Interest rate markets show quite a divergent pattern. US markets reopened after enjoying a long weekend. Yesterday’s bearish price action in Europa, notably in a risk-off market, made clear that markets are more than ever embracing the idea of CB font-loading to bring inflation (expectations) back under control. Friday’s post-payroll/pre-long weekend short covering on US Treasuries didn’t fit in this narrative. US yields rebound sharply with yields at the belly of the curve gaining 12 bps (5/10-y), the wings rising 9/10 bps. The ISM services (56.9) confirms recent evidence that there is no reason for the Fed to ease its anti-inflation campaign. European interest rates took a breather after yesterday’s remarkable rise. Indeed, there were headlines from dovish ECB members (Centeno and Stournaras) advocating a gradual approach. Even ECB’s Kazaks gave some more balanced comments on the pace of tightening in a context of a protracted recession. However, we don’t think this applies to this week’s meeting. After easing temporarily, EMU swap yields currently are trading little changed (2-y) to still marginally higher (5-y +2.5 bps). Oil and the European gas benchmark contracting again, ceding ground despite the closure of Nord stream 1 and yesterday’s OPEC production cut, maybe created some breathing space too. Price action on UK interest rate markets is interesting too. The new UK government is said to prepare a package of up to £130 bln to mitigate consumers’ energy bill and at the same time might prepare measures worth up to £40 bln to ease the burden of higher energy costs for businesses. Quite an impressive fiscal stimulus in an environment where central bankers try to cool inflation via a moderation in global demand. With the 2-y gilt yield is easing 2 bps, markets are apparently cautious to expect a forceful recalibration of BoE policy. At the same time yields at longer maturities are jumping sharply (30-y + 18 bps!). Equities are ceding modest gains on the sharp intra-day rise in yields during the USD trading session.
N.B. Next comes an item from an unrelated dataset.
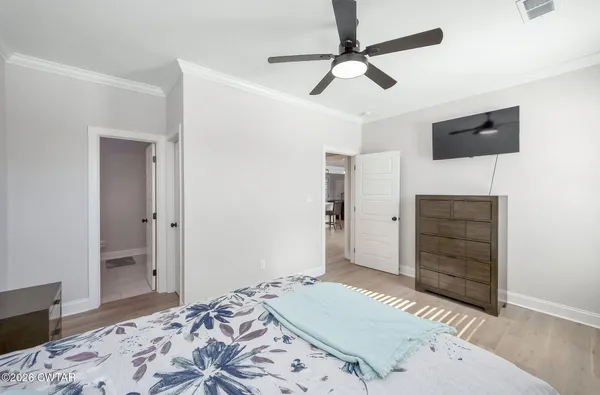 a bedroom with a bed and a dresser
The TW USD index (110.17) simply resumes its uptrend after Friday’s post-payrolls profit taking (cycle top stance at 110.27. The most remarkable performance today comes from the USD/JPY cross rate, jumping from 140.25 this morning to currently trade at 142.50, the strongest level since August 1998. At current pace, the 147.66 1998 peak can come within reach soon. EUR/USD also isn’t out of the woods yet. The pair (0.9895) struggles not to fall below yesterday’s multi-year low of 0.9878. Even so, a more neutral price action in the likes and EUR/AUD, EUR/NZD, EUR/CHF and to lesser extent EUR/CAD only confirms that this is at least as much USD strength as it is euro weakness. EUR/JPY even surpassed the 141mark. Sterling today was one of the few ‘majors’ able to compete with the almighty US dollar as the UK currency profited from the expected huge fiscal support of the PM Truss’ government to address the energy crisis. Cable is holding north of the 1.15 barrier (1.1536). EUR/GBP dropped from the 0.8625 area at the start of trading to currently trade near 0.8575.
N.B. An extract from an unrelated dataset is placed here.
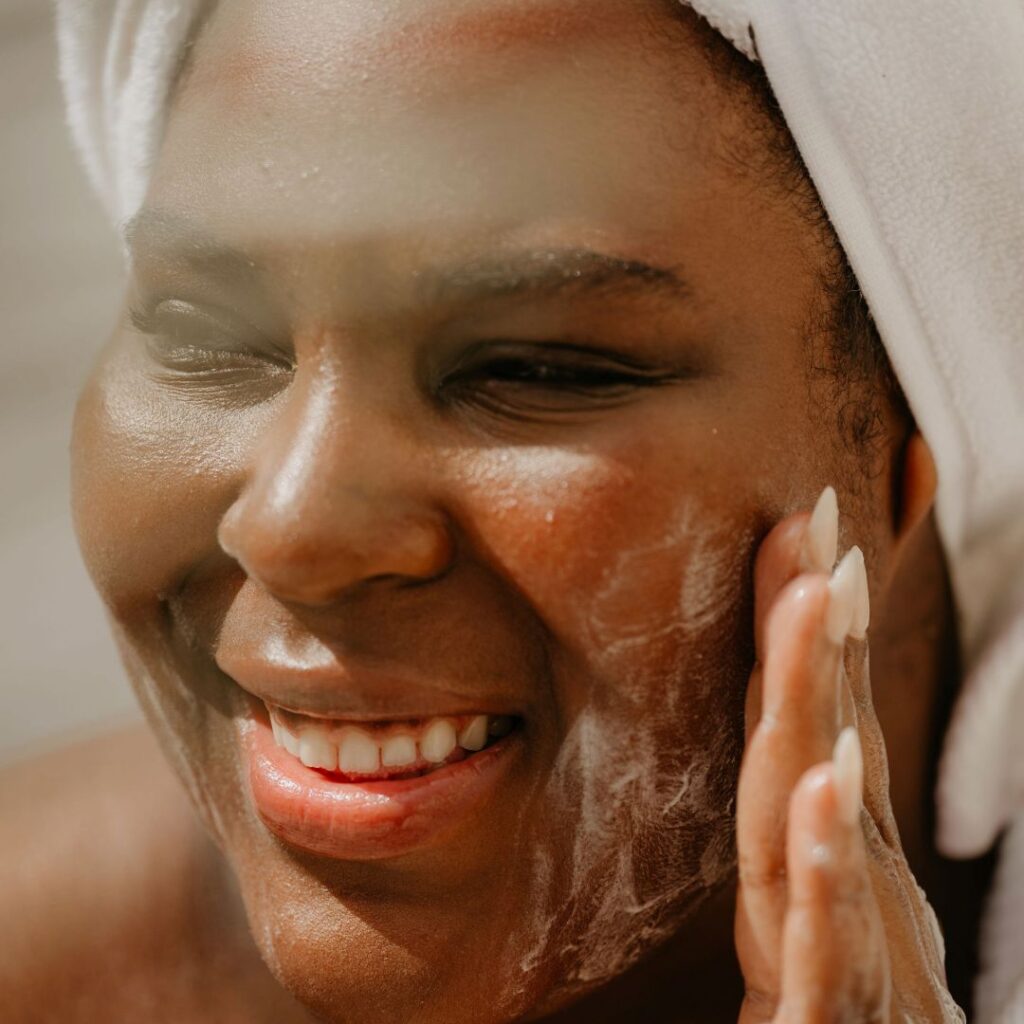A smiling woman fresh out of the shower washes her face with soap, presumably made with essential oils.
Turkey plans a new round of cheap, government-backed loans for businesses, according to persons familiar with the matter. The plans to extend loans under the Credit Guarantee Fund were disclosed during a closed-door meeting held by Treasury and Finance minister Nebati. It’s the latest stimulus measure to keep the economy going as the country heads into next year’s elections. Last month, Turkey’s central bank unexpectedly cut rates in the face of a growth slowdown, even as inflation skyrocketed to more than 80% in August. The news comes after new economic forecasts over the weekend, projecting GDP growth for this year and the next to come in at 5%.
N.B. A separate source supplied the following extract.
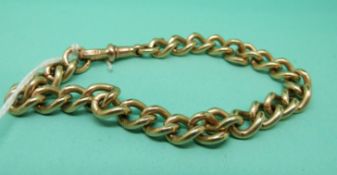 A gold plated bracelet.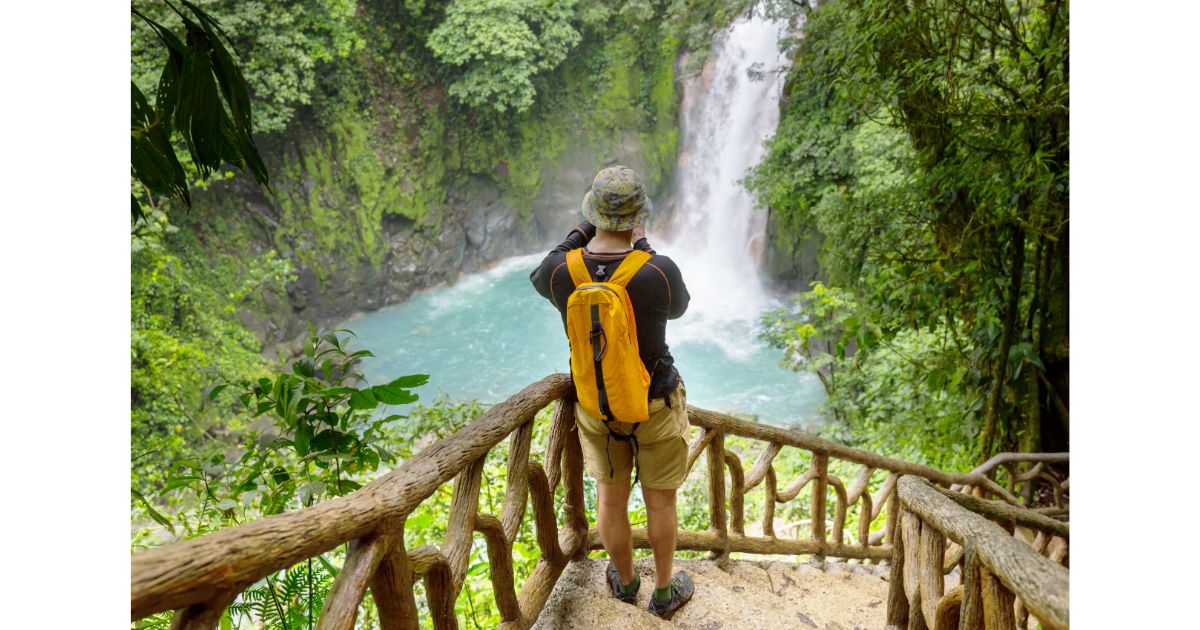 A person standing at a wooden railing, taking photos of a beautiful waterfall surrounded by lush greenery. The vibrant blue water and tropical forest create a stunning scene.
Italy came up with a new plan to reduce natural gas consumption through the winter in order to meet the EU target of 15%. In reality, the reduction will be less, totaling 7% as the country obtained an exemption based on its gas storage capacity. Measures to reach the target include capping indoor temperatures at 19 degrees Celsius and have heating hours reduced, increasing use of coal and shorten the traditional winter heating schedule by two weeks.